Autonomia Operaia (Italian: Workers' Autonomy) was an Italian leftist movement particularly active from 1976 to 1978. It took an important role in the autonomist movement in the 1970s, alongside earlier organisations such as Potere Operaio, created after May 1968, and Lotta Continua.

Beginning
The autonomist movement gathered itself around the free radio movement, such as Onda Rossa in Rome, Radio Alice in Bologna, Controradio in Firenze, Radio Sherwood in Padova, and other local radios, giving it a diffusion in the whole country. It also published several newspapers and magazines which were circulated nationally, above all Rosso in Milan, I Volsci in Rome, Autonomia in Padua and A/traverso in Bologna. It was a decentralized, localist network or "area" of movements, particularly strong in Rome, Milan, Padua and Bologna, but at its height in 1977 was also often present in small towns and villages where not even the Italian Communist Party (PCI) was present

There was also an armed tendency known as autonomia armata (armed autonomy).
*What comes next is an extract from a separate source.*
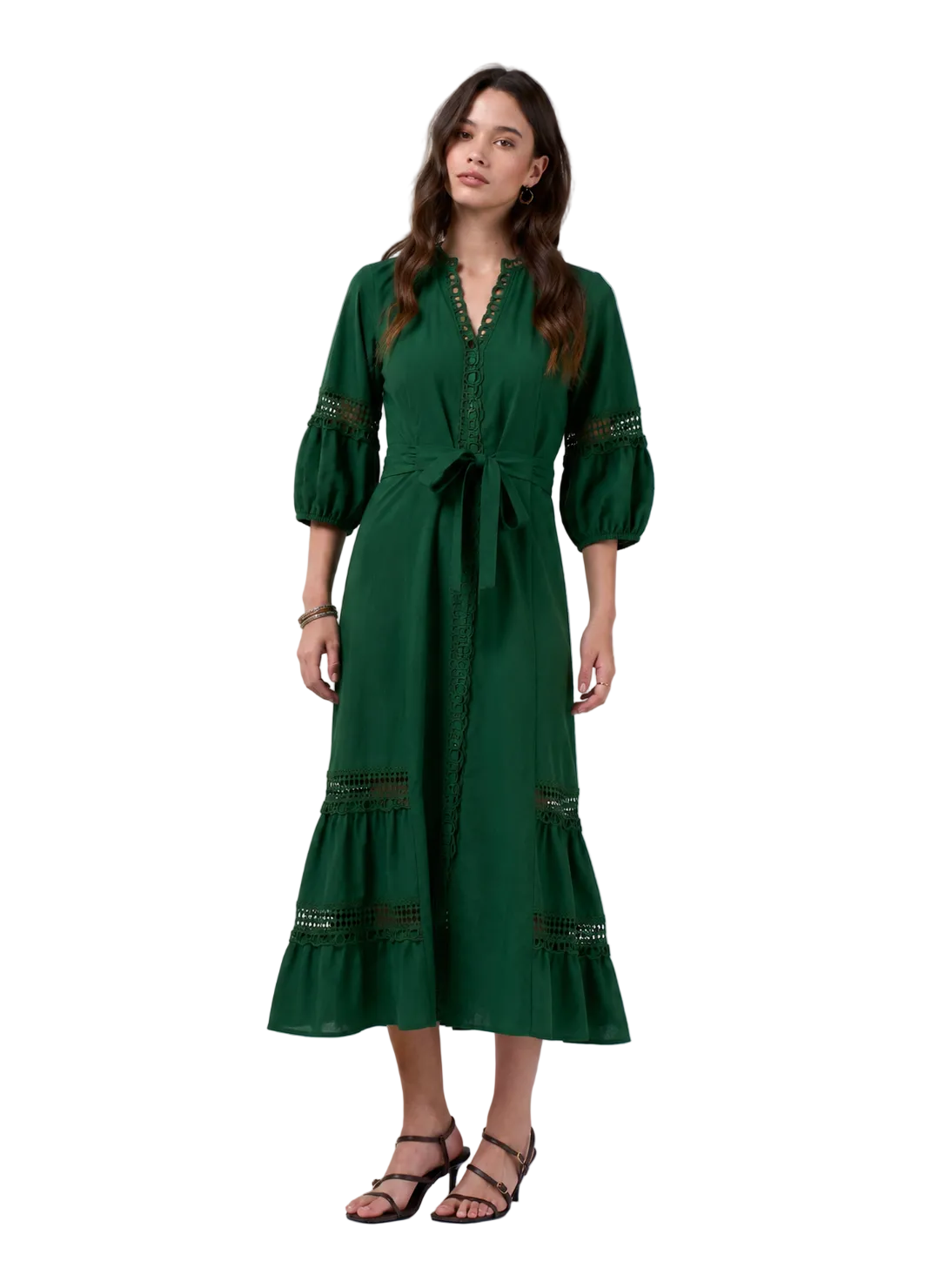 A woman modeling a dark green midi dress with three-quarter puff sleeves, a matching waist tie, and decorative embroidered details on the cuffs and hem, paired with black strappy heels against a light gray studio background.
People such as Oreste Scalzone, Franco Piperno, professor in Calabria University, Antonio Negri in Padova or Franco Berardi, aka Bifo, at Radio Alice were the movement's most well-known figures. The movement became particularly active in March 1977, after the police in Bologna killed Francesco Lo Russo, a member of Lotta Continua. This event gave rise to a series of demonstrations in various parts of Italy. Bologna University and Rome La Sapienza University  were occupied by students. On orders from Interior Minister Francesco Cossiga the carabinieri  surrounded Bologna's university area. This repression met with some international protest, in particular from French philosophers Michel Foucault,  Jean-Paul Sartre, Gilles Deleuze and Félix Guattari, who also denounced the Italian Communist Party's (PCI) opposition to the University occupation. The PCI was supporting at this time Eurocommunism and the historic compromise with the Christian Democrats.

The clash between the PCI and Autonomia
On 17 February 1977 Luciano Lama, secretary-general of the CGIL, the trade union closest to the PCI, gave a speech inside the occupied La Sapienza University. During the speech, the autonomi and the CGIL's security organization had a violent clash, that resulted in Lama being chased away. This confrontation prompted  the expulsion of the students by the police.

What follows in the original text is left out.